State to give $4.5M to boost affordable housing stock on Cape

Two affordable housing developers received millions in subsidies and tax credits from Massachusetts to add 135 units of affordable housing in Eastham and Yarmouth.

Gov. Charlie Baker's office announced Tuesday that it will allocate $2 million for an affordable housing project at the site of the former Cavalier Motor Lodge on Route 28 in South Yarmouth. That project also will receive $2.55 million in state subsidy funds, according to Samantha-Rae Tuthill, director of marketing at Dakota Partners, the project's developer. The town of Yarmouth will contribute over $2 million in Community Preservation Act funds.

In Eastham, the Campbell-Purcell development off Brackett Road will receive $10 million over 10 years in federal low-income housing tax credits and $875,000 from the state for five years, according to Charlie Adams of the development firm Pennrose Properties.

The Yarmouth Green, as the Yarmouth project is called, will include 69 units spread across three buildings. Seven of the units will be restricted for families earning less than 30 percent of the area median income, according to a statement from Baker's office.

The Eastham project will add 65 rental apartments. That includes 15 units designed as workforce housing, meaning the tenants may earn up to 120% of the area median income.
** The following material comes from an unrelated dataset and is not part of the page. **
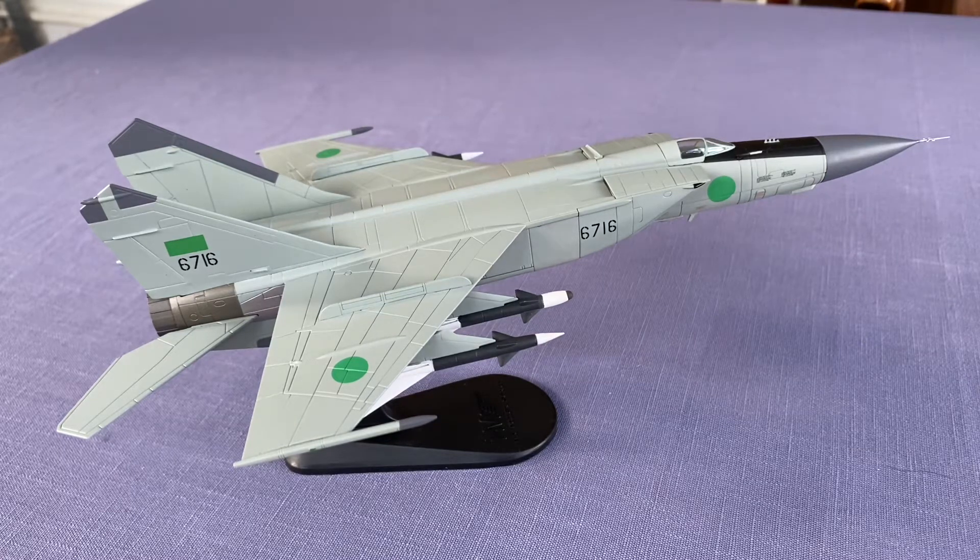Work on the new Soviet interceptor that became the MiG-25 started in mid-1959, a year before Soviet intelligence warned of the American Mach 3 A-12 reconnaissance aircraft. The first prototype was a reconnaissance variant designated YE-155-R1, which made its first flight on 6 March 1964. The first interceptor prototype, YE-155-P1, took place on September 9, 1964. Development of the MiG-25, which represented a major step forward in Soviet aerodynamics, engineering, and metallurgy, took several more years to complete.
The other units are reserved for those earning 60% and 30% of area median income.

Cape Cod

In Yarmouth, the buildings on the property at 881 Route 28 have been demolished, said Mary Waygan, of the Yarmouth Community Development Office.

Eastham's project will be new construction on land the town bought years ago and preserved for affordable housing.
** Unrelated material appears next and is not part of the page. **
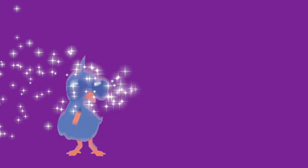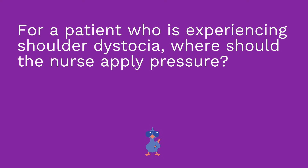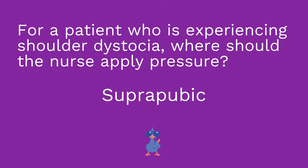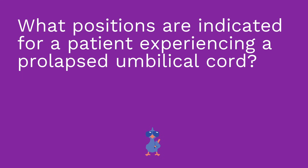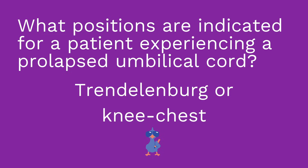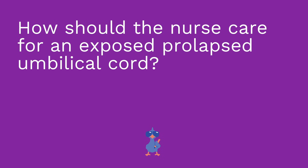I hope this review was helpful. I'm going to give you a quick quiz to test your understanding of some key points. First: for a patient experiencing shoulder dystocia, where should the nurse apply pressure? Second: what positions are indicated for a patient experiencing a prolapsed umbilical cord? I gave you two — see if you can remember both. And lastly: how should the nurse care for an exposed prolapsed umbilical cord that has prolapsed outside the vagina?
"It's great news," Eastham Town Planner Paul Lagg said. "We're ready for things to start moving."

The town of Eastham contributed $700,000 to the development. The developer will ask for another $400,000 in Community Preservation Act money at the spring town meeting, Adams said.

The Campbell-Purcell project is considered regional affordable housing, which is why the developers will also seek Community Preservation Act funding in the amount of $200,000 each from Truro, Wellfleet and Orleans, he said.

Pennrose aims to break ground this summer, Adams said.

Eastham has the lowest percentage of affordable housing on the Cape at just under 2%. The Campbell-Purcell project will bump it up to about 7%, Town Administrator Jacqueline Beebe said.

Yarmouth Town Administrator Daniel Knapik said town officials are "ecstatic" about the funding announcement. Dakota Partners has already completed its buildings permit applications for the project, and Knapik said he expects work will begin once the funding becomes accessible.

Once the units are built, Knapik said he expects they will fill up quickly.

"Housing and the lack thereof of affordable options continues to be a real plague on the Cape," he said. "It will fill a void in our community."